Mestre em história, editor da revista eletrônica Cantareira m.amoroso@globo.com

RESUMO

O Instituto Brasileiro de História da Medicina foi fundado em 1945 pelo médico Ivolino de Vasconcellos. Como pretendia ter caráter nacional, foi criada também a Federação Nacional de História da Medicina e Ciências Afins. Esse grupo possuía uma concepção humanística de medicina, tendo a história da medicina papel central, por ser instrumento vital para a formação ética e humanista do profissional da área médica através da celebração de seus grandes nomes e realizações. Desse modo, foi lançada, em 1949, a Revista Brasileira de História da Medicina, publicação que estimulou a produtividade e a realização de eventos científico-acadêmicos em história da medicina e registrou as atividades da Federação, bem como sua produção científica.

Palavras-chave: Revista Brasileira de História da Medicina; Instituto Brasileiro de História da Medicina; Federação Nacional de História da Medicina e Ciências Afins; Ivolino de Vasconcellos.

ABSTRACT

The Brazilian Institute for the History of Medicine was founded on 1945 by the physician Ivolino de Vasconcellos. Because the movement intended to be of national scope, the Federação Nacional de História da Medicina e Ciências Afins was also created (National Federation for the History of Medicine and Related Sciences). The latter group had a humanistic understanding of medicine, wherein the history of medicine played a central role; since this subject honored great names and achievements in medicine, members of the federation felt it was a prime tool in the ethical and humanistic training of healthcare professionals. Thus was born the Revista Brasileira de História da Medicina, which fostered scientific and academic production and events in the field of history of medicine and also registered the Federation's activities and scientific output.

Keywords: Revista Brasileira de História da Medicina; Brazilian Institute for the History of Medicine; National Federation of the History of Medicine and Related Sciences; Ivolino de Vasconcellos.

Fundado em 30 de novembro de 1945, o Instituto Brasileiro de História da Medicina (IBHM), sede da Federação Nacional de História da Medicina e Ciências Afins, surge em um período caracterizado, no Brasil, por uma história da ciência em fase embrionária, ainda praticada por cientistas interessados em estudar o advento de suas respectivas áreas. Em 1949 o Instituto lançaria a Revista Brasileira de História da Medicina (RBHM), com o objetivo de impulsionar a produção e divulgar o conhecimento na área da história da medicina, além de produzir registros históricos sobre o Instituto e a Federação.
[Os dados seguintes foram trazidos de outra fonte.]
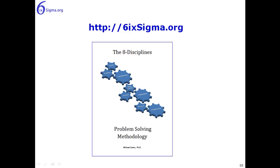So this concludes our series on videos for 8D. I would encourage you to go to the website SixSigma.org. The template is there of course, and much other information. And I would also encourage you to look for the 8 Disciplines Problem Solving Methodology that's available on the website and on Amazon as well. We thank you for watching this series, and we'll see you next time.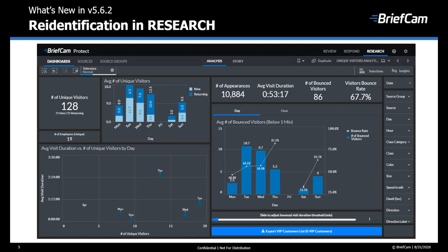Note that there's no need to enroll these visitors in a watch list. You can see here the average time that people stay in a store, and the average visit duration is calculated using the time difference between the last and the first appearance of a specific individual, based on face recognition.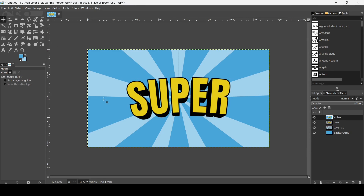And that's how you can create a 3D curved text effect in GIMP. Thanks for watching, have a nice day, and see you next time.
A periodicidade da revista variou ao longo dos anos. Começou como publicação trimestral e assim permaneceu até julho de 1956, quando se tornou mensal, até 1958. Circulou com periodicidade bimestral, com pequenas variações, de 1959 até o ano de 1963, sendo lançada, posteriormente, uma única edição relativa ao biênio 1969-1970. A RBHM era enviada a assinantes e instituições científicas e culturais com as quais mantinha permuta, dependendo sua manutenção financeira das assinaturas e da publicidade de laboratórios farmacêuticos.1 1 Nos últimos anos da revista nota-se um considerável decréscimo desse tipo de propaganda, talvez em virtude do delicado momento financeiro pelo qual o país passava no início da década de 1960, que deve ter influenciado decisivamente para o seu encerramento. Infelizmente, por falta de fontes, não foi possível a verificação dessa e de outras hipóteses sobre a revista e o IBHM, uma vez que seus exemplares são a única fonte existente para o seu estudo.

O presente artigo objetiva caracterizar e debater a conceituação de história da medicina para os membros do Instituto Brasileiro de História da Medicina e da Federação, principalmente Ivolino de Vasconcellos, bem como analisar o caráter e a repercussão desse movimento e de suas realizações, a fim de situá-lo, levantando, também, questões relativas a seu alcance e sua importância para a história da ciência no Brasil. Para tal fim, serão analisadas passagens de seções específicas da Revista Brasileira de História da Medicina e resultados gerais da indexação dos artigos nela contidos e que foram inseridos na Bibliografia Brasileira de História da Ciência (BBHC).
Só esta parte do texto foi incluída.